Royal Navy’s most advanced submarine and sub-hunters go head-to-head
Prospective Royal Navy submarine commanders and trainee helicopter sub-hunters pitted their skills against each other during live exercises off the coast of Scotland.
The Navy’s most advanced submarine, an Astute-class hunter-killer – and its most potent adversary, a Merlin Mk2 helicopter – played cat and mouse to enhance the training and expertise of both.
The boat was hosting officers undergoing the final, sea-going phase of the intense and demanding Submarine Command-qualifying Course – known as ‘the Perisher’.
Successful candidates go on to become executive officers, the next step towards competing for command of their own boat.

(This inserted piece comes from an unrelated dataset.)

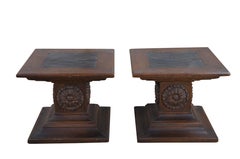 2 Drexel Heritage Grand Tour Mid Century Oak Slate Side Tables Sculpture Stand
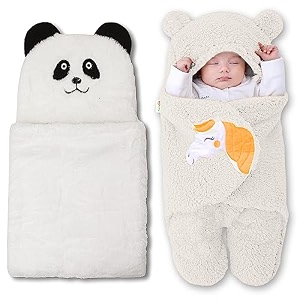 oyo baby newborn baby blanket combo pack  hooded wrapper sleeping bag amp baby bath towel 0-12 months boys amp girls flannel white panda amp unicorn white pack of 2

The course, which has been running for 105 years, is world renowned as one of the most testing selection procedures in any military.
As well as prospective Royal Navy submarine commanders, officers from a variety of partner and allied navies have also undergone the training with successful candidates forming a small, elite international family of ‘Perishers’.
Stalking them above the water were trainee Merlin Mk2 helicopters pilots, observers and aircrew from the Fleet Air Arm.
While the submariners attempted to evade detection and carry out a series of missions, they were hunted by the helicopters above, armed with powerful dipping-sonar and sonobuoys, peppering Scottish waters and listening for the tell-tale sounds of a boat moving through the depths.
“We took 12 trainees and two aircraft from our base at RNAS Culdrose to HMS Gannet at Prestwick for a week of live anti-submarine warfare exercises,” explained Commander James Taylor, Commanding Officer of the Merlin training unit 824 Naval Air Squadron.
“For the trainees, this is the culmination of a long and demanding flying training pipeline. Having learnt how to fly and safely operate the aircraft as individuals, the detachment made them work together as a crew, to fight the Merlin Mk2 against live submarines.
“They’ve spent countless hours in the simulators and flying training sorties, but this short, sharp period has taken their experience to a new level.
“Operating in an unpredictable environment forces them to deal with a myriad of real-world challenges – not least the changeable Scottish weather – having to constantly think on their feet and adapt their plans.
“None of our trainees had worked with a real submarine before. To pit themselves against the finest in the Submarine Service pushes them to become the Royal Navy’s elite sub-hunters.”
The aircrews also practised secondary roles in their capacity as maritime patrol aircraft, such as winching personnel to and from a boat at sea.
Successful aircrew will qualify for service with the frontline squadrons, either protecting the UK’s submarines or defending the Royal Navy’s aircraft carriers from underwater threats.